Self-love is dusting off the mirror
- HumanKintsugi
- Apr 2, 2021
- 9 min read

This image has been circulating around my social media and it resonated so much with me I immediately sent it to several friends. What better opportunity to self-reflect and do the work required for growth, then now.
I learnt a long time ago that when we are born, we are a perfectly balanced truly wonderful little bean. We have nothing but our instincts for survival, no weight on our shoulders, no trauma (other than birth which hopefully very very few of us remember), not very much intelligence other than the newness of survival, no drama.. life is literally just beginning. Before we turn 3~4yrs old we learn our social behaviours from playgroups and our parents and siblings.. by the time we reach 8 years old (sometimes later for some) all of our social filters, our view on the world, is set. Now that includes everything we have learnt from our family environment growing up to friends to teachers.
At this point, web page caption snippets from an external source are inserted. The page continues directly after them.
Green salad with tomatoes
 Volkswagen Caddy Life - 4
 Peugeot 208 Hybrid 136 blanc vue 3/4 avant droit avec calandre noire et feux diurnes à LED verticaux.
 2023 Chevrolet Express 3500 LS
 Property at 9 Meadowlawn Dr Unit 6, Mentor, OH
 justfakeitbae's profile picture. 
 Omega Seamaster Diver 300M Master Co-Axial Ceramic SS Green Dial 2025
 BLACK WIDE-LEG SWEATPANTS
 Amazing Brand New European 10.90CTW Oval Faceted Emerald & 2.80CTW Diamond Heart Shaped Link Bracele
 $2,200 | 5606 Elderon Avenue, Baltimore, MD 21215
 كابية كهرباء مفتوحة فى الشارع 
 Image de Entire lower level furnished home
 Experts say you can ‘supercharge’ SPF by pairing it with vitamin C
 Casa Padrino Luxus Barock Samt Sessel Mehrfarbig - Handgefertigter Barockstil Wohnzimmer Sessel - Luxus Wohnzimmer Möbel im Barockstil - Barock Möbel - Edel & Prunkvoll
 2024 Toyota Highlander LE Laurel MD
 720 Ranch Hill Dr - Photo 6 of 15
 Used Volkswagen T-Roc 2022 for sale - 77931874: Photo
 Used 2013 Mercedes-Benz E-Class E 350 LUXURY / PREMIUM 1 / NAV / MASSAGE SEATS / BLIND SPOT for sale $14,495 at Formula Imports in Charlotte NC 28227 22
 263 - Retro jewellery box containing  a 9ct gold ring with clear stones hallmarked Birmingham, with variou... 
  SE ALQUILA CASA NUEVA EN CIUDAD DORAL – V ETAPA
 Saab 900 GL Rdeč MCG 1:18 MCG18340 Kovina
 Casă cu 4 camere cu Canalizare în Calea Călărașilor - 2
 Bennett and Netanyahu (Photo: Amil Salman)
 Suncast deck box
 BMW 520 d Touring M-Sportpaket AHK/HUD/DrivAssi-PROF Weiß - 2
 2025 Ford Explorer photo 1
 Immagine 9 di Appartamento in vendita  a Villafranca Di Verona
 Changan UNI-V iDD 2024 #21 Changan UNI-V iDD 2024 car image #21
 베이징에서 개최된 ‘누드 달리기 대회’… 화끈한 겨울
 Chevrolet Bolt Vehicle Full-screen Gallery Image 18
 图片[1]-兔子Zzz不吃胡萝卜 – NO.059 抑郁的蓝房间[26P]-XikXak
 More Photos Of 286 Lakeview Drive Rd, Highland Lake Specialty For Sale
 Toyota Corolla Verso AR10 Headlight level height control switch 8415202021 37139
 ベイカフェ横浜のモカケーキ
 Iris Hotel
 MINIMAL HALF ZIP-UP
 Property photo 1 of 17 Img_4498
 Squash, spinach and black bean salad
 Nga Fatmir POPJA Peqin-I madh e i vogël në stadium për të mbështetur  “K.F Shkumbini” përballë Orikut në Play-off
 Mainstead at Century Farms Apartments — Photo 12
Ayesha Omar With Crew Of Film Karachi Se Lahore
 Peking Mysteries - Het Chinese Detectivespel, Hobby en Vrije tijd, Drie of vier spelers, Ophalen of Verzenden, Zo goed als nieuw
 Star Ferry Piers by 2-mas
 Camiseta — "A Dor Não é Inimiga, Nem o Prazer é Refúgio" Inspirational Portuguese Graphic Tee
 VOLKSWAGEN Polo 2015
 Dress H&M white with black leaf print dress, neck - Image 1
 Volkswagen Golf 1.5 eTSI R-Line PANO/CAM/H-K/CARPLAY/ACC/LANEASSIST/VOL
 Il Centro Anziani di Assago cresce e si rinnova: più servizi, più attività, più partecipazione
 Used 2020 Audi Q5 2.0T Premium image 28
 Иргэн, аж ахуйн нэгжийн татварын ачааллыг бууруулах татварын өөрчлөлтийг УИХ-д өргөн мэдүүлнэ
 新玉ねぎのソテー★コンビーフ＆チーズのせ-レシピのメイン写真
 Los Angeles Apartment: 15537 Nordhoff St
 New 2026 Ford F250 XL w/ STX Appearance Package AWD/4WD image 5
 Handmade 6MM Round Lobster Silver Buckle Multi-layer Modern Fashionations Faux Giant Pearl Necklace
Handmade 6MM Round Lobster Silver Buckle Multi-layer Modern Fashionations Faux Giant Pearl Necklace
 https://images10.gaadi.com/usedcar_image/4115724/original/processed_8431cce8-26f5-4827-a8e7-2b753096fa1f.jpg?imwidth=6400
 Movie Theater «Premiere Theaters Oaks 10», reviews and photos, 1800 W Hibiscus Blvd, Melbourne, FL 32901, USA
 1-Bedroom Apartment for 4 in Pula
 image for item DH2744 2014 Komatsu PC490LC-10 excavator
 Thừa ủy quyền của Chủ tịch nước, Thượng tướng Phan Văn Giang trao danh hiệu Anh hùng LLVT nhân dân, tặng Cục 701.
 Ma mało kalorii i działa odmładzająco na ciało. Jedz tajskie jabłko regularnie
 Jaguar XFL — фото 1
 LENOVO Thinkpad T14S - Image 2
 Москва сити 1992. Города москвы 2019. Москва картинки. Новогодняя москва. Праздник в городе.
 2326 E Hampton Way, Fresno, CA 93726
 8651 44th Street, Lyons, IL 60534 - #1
We are a human sponge as children, picking up such learned things as love, relationships, respect, honesty, hard work, kindness and charity.. then we also pick up learned actions such as fears, broken relationships, broken homes, violence, solitude, envy, jealousy.. How our home life was makes a difference to how you are now. That includes decisions made that altered your environment or those that were not made, were an intervention of the forces that be, that swept you along with others to somewhere darker than anyone would want to be. Some of these subjects I wouldn’t dare dive into.. I would not disrespect anyone who has and although I’ve had my dalliance with darkness growing up, we are each of us unique in our experiences and it’s effects on us. I do know one thing.. if you have been there, done that and are out the other side of it then you have my full utmost heartfelt respect.
For me, by the time I was 8 I had known much travelling. My father worked for the Bank of Brazil and so we all moved to New York City when I was 2 months old. It was the start of several other moves, each place teaching us about some of the diverse cultures around the world.. but it also meant leaving my friends, my school, my familiarity several times. I mean, why invest when you were going to move anyways, right?.. and that made me very independent today. Everything for me has always been about being the perpetual new kid on the block, in a new school, so adapting to a new environment and culture was something like breathing to me, even now. Like changing from wearing an Autumn coat to your Spring accoutrement without even batting an eyelid at the difference. It also meant that whilst soaking up different countries I remained somewhat of a culture of my own, picking up a bit from America, some from Saudi, Singapore, another, Brazil and Portugal from my mums side of the family.. it’s no surprise to me that I’m solitary, independent and a bit of an odd-ball when it comes to belonging anywhere.. well, likely just an odd-ball.. the Uk and Brazil are prob my strongest identities now but even that has changed from when I was 12. I am ‘that foreigner’ no matter where I go and, as I know nothing else, its not something that bothers me, but is something I am aware of when I see my mother back in Brazil, me here in the Uk, wondering what will happen in the future and how to bridge the physical gap between us in the long term. My brother lives there now near her so I know she will always be accompanied by one of us. But there is a lot of guilt that comes with that, being female, and the eldest in my family where there is only me and a brother, 4yrs my junior. In Brazil it’s still predominantly the women who look after their older relatives. Times are changing in Brazil, thankfully, but it has been, to me, about my grandparents and parents culture of women running a house and kids and men, at work, which merges uncomfortably with my upbringing. It’s quite confusing to say the least and entirely contradictory. In saying all this, as I said, my brother is the one in Brazil and closest to our mother.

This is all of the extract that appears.